Have em sign an old arrow and shoot it into a tree or something permanent.


----------



## rapid fire (Feb 13, 2015)

That's great Al.  I think the name idea is great.  Just look back at photos of folks on the cow and I'm sure you can come up with everyone.  Haha


----------



## sawtooth (Feb 13, 2015)

That's awesome Al.  Way to go.


----------



## Triple C (Feb 13, 2015)

Al...Pretty special right there!


----------



## John Cooper (Feb 14, 2015)

AL is a great ambassador. .......


----------



## longbowdave1 (Feb 14, 2015)

john cooper said:


> al is a great ambassador. .......



x2!


----------



## SELFBOW (Feb 15, 2015)

John Cooper said:


> AL is a great ambassador. .......



He's been at it a long time....

http://forum.gon.com/showthread.php?t=337483&highlight=


----------



## Todd Cook (Feb 15, 2015)

John Cooper said:


> AL is a great ambassador. .......



When I have more free time in the coming years, I hope I can follow your lead.


----------



## Munkywrench (Feb 15, 2015)

Al, there arent many men nowadays that truly live up to the legends, and sure you aren't out chasing polar bears in the Arctic or daul sheep in the mountains, but your impact is the same as what made the others legends. Many men have hunted as hard as they have, some are well known, others are not. However, what made the legends was their passion for the sport, and to nurture and grow it.
 Few men or women have the patience, time or care to do the things that you have done in our community. You set an example for all of us, and we will be lucky to have half the impact on this sport that you have. Your footprints may not spread far, however they are deep and straight, making it easy for us to see where we should go. Thank you

Now that that's said, someone remind me to make more fun of him in march and keep him away from my wife


----------



## Al33 (Feb 16, 2015)

This thread has done got embarrassing. I truly appreciate the kind words but the subject of this thread is Josh because all of you will come to know him real soon. He truly is an exceptional young man and in the very short time I have known him has been a real blessing to me. He has been over here every day since the first day he shot the bow helping me with the firewood or whatever else I needed at the time. 
Even this cold morning I looked outside and there he was filling up my empty wood bins. We worked hard all day yesterday trying to get them filled up bet never managed to get them all full at one time. He hung in there and refused to leave until we had enough filled not to run out. Add to his character the fact that he has already developed near perfect shooting form and is hitting where he is looking most of the time and he will be a blessing to our trad archery family. I am anxious for all of you to meet him and for him to meet all of you thus the introduction here.

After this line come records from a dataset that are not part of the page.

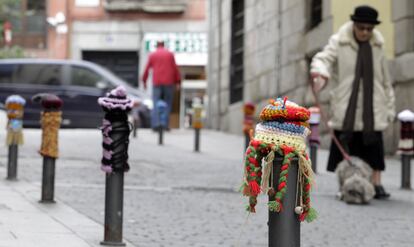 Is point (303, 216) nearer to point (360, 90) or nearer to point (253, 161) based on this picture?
point (253, 161)

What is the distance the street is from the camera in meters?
6.84

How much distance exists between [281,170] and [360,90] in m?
5.34

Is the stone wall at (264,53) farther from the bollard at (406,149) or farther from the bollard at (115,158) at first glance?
the bollard at (115,158)

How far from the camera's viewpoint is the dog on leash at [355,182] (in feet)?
29.5

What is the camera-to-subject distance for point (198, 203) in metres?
8.74

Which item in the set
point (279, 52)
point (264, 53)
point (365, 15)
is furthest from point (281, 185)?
point (264, 53)

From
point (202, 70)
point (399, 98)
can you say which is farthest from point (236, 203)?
point (202, 70)

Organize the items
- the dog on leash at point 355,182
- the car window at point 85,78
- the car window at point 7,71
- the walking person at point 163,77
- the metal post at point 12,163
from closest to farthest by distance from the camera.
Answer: the dog on leash at point 355,182, the metal post at point 12,163, the walking person at point 163,77, the car window at point 85,78, the car window at point 7,71

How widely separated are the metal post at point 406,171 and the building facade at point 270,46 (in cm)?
404

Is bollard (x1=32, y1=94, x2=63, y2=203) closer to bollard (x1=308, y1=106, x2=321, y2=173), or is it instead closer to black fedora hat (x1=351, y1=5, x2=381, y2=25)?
black fedora hat (x1=351, y1=5, x2=381, y2=25)

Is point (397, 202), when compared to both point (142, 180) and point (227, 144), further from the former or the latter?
point (227, 144)

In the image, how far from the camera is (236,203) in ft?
29.0

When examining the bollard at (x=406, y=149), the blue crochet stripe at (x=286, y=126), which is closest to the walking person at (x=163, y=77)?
the bollard at (x=406, y=149)

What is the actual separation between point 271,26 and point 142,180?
1052cm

Now Tony, that was some pretty creative writing there and I appreciate it but do yourself a favor and not let the family think you are worried about an old one eyed fat man.


----------



## lagrangedave (Feb 16, 2015)

You can add my name to that list too Al, thanks for all that you do.


----------



## gurn (Feb 16, 2015)

Great job Al keep it up. Folks wont forget who got them into such ah great sport.


----------



## Munkywrench (Feb 18, 2015)

Figure at least your ego could get stroked


----------



## hambone76 (Feb 18, 2015)

Good job Al33 and welcome to the addiction Josh.


----------